Segment Start: AVAILABLE DATA

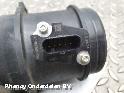View Auto part LUCHTMASSAMETER AUDI A6 2015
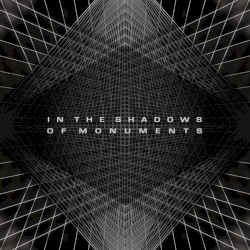 In the Shadows of Monuments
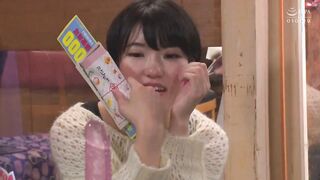 396BIG-031 彩乃さん&明日香さん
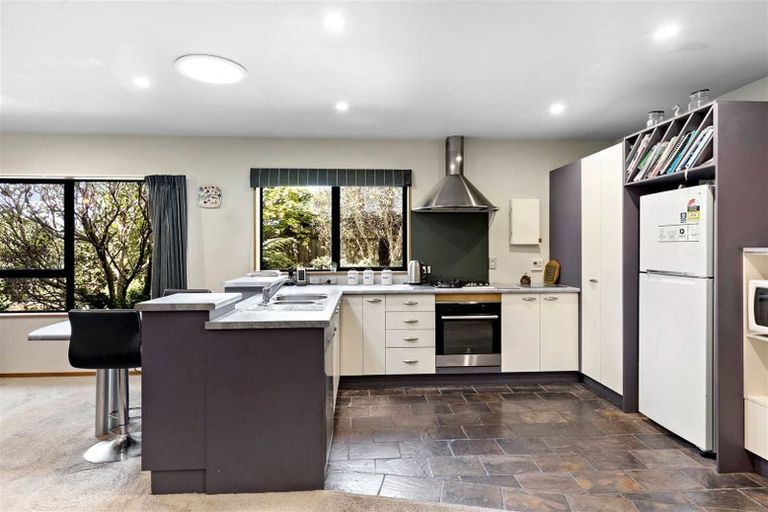 Photo of property in 20 Panckhurst Drive, Woodend, 7610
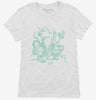 Vintage Octopus Womens Shirt 666x695.jpg?v=1700522082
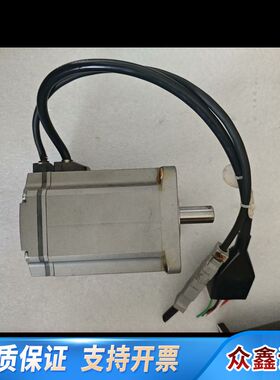 NXM975A   东方电机  ，，议价！！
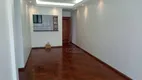 Foto 4 de Apartamento com 3 Quartos à venda, 117m² em Campestre, Santo André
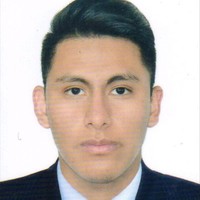 Anthony Luis Rivera Miguel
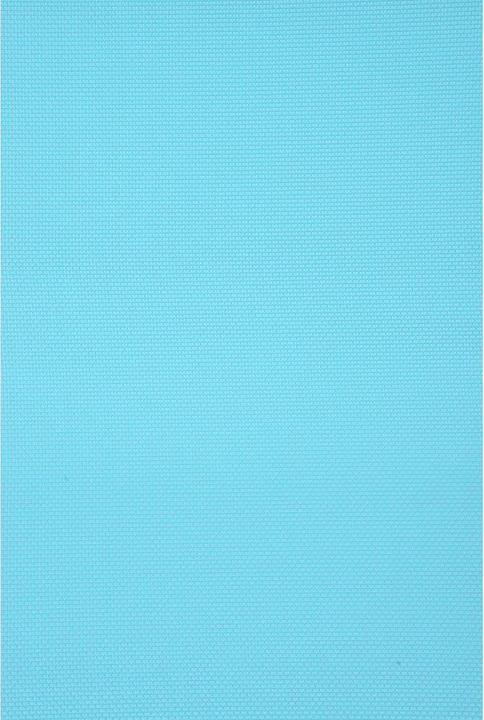 Produktbild Fiam Movida (155 cm)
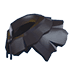 Death Cloak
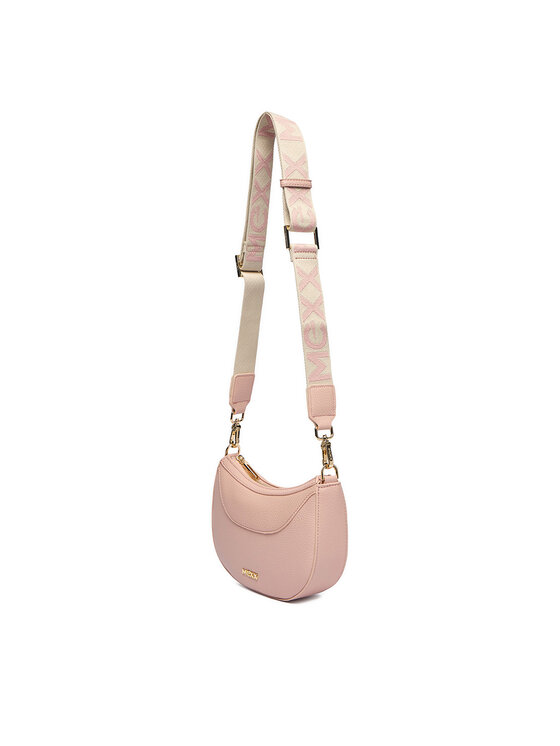MEXX MEXX Táska CEO-MEXX-L-011-09 Rózsaszín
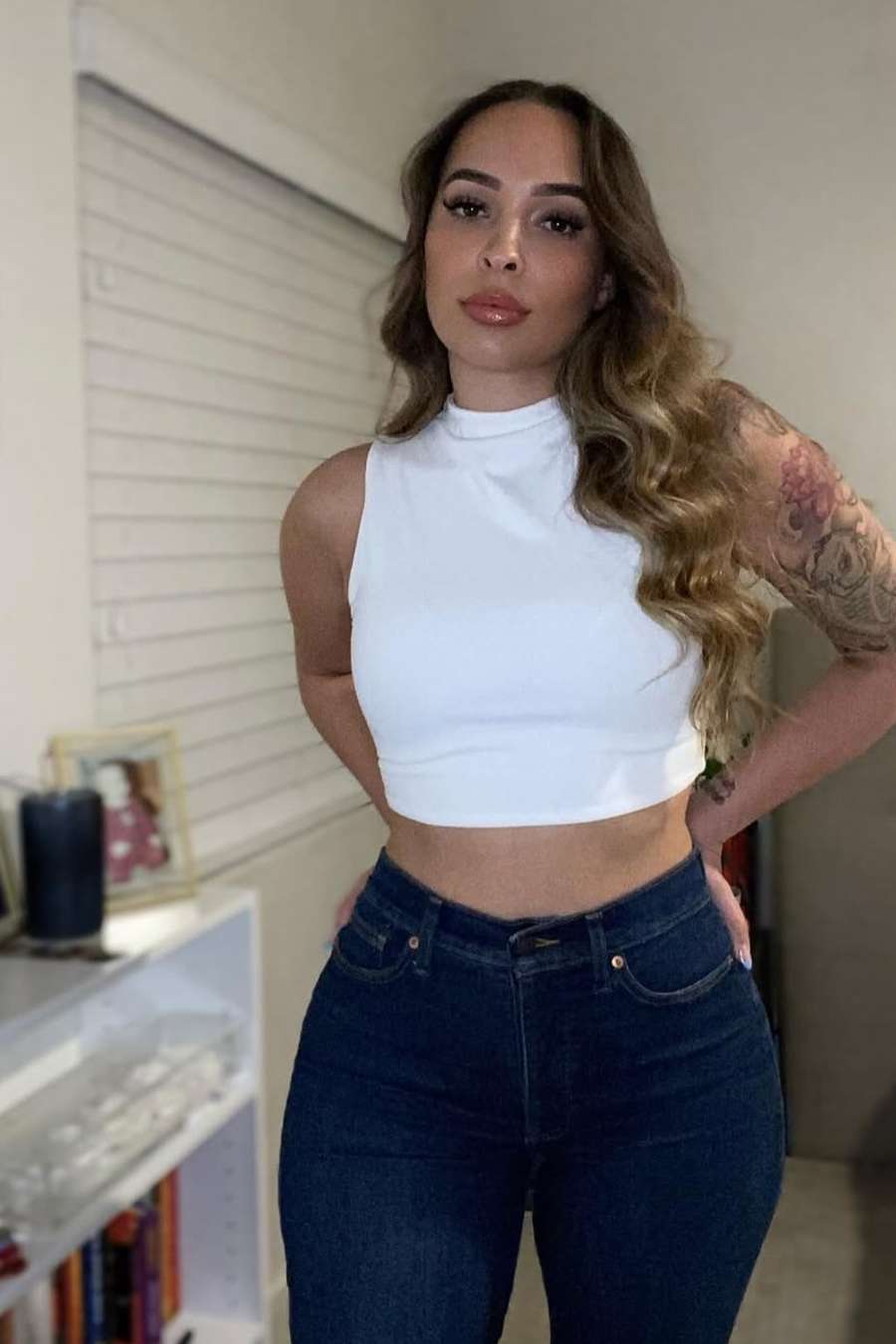 90472763 3484 medium large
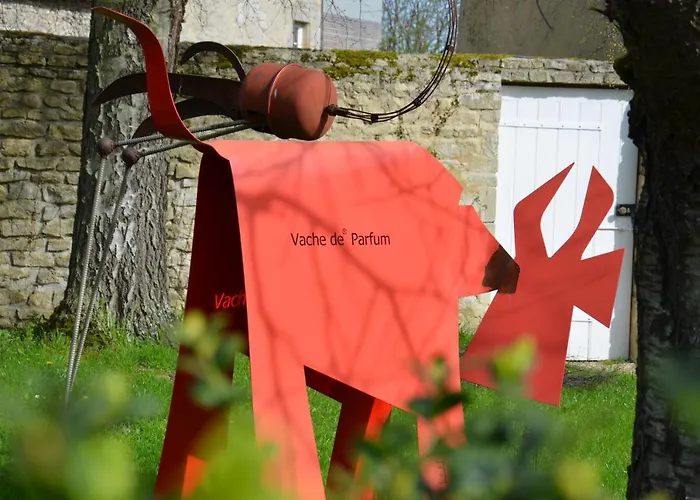 O Sources Bazenville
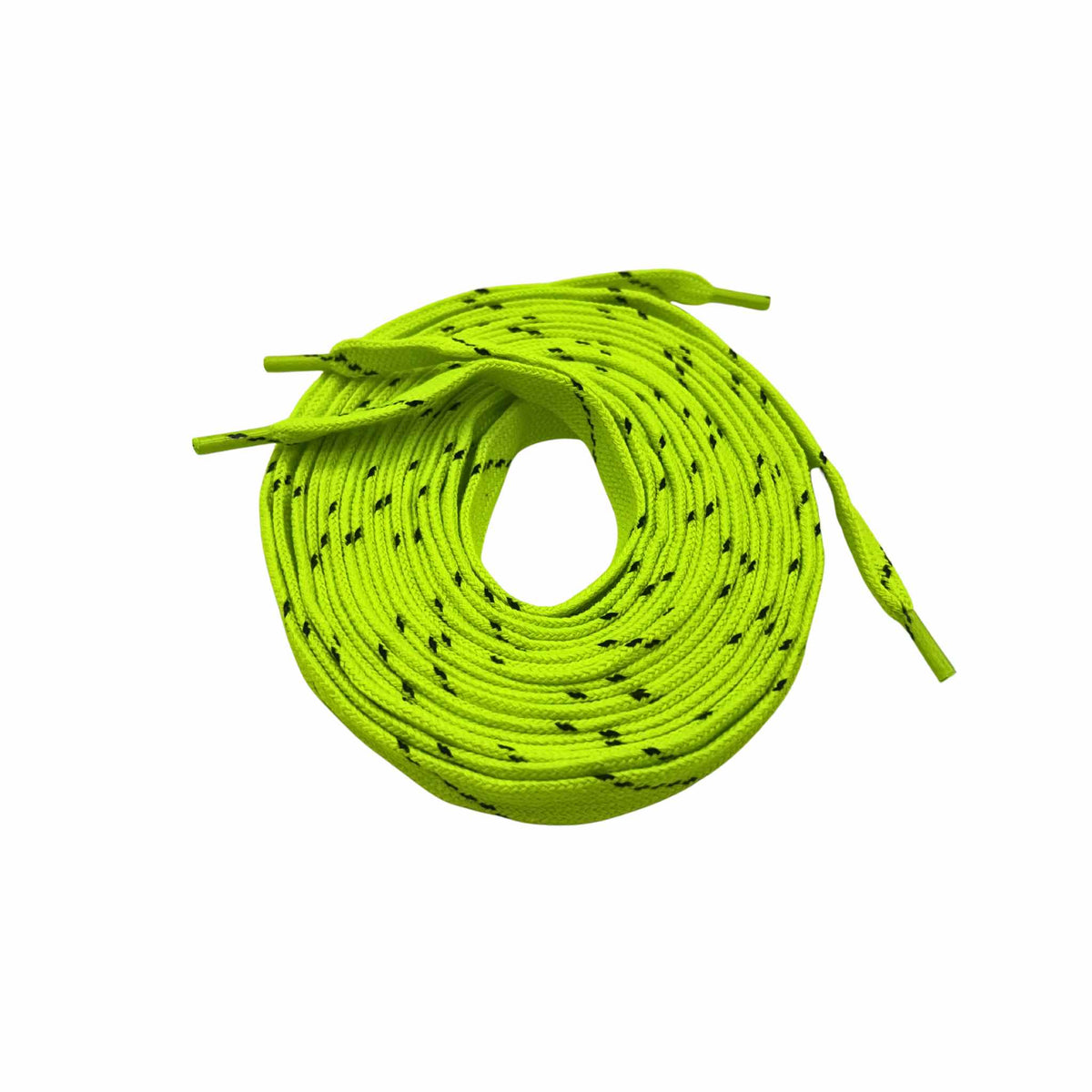 Long Roller Skates Laces - One Pair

Segment End: AVAILABLE DATA

TASK STATEMENT: Return the line containing "MEXX MEXX Táska CEO-MEXX-L-011-09 Rózsaszín" and every line after it through the end of the records above, exactly and nothing else, but not the pictures.

ANSWER FOR THE TASK:
MEXX MEXX Táska CEO-MEXX-L-011-09 Rózsaszín
 90472763 3484 medium large
 O Sources Bazenville
 Long Roller Skates Laces - One Pair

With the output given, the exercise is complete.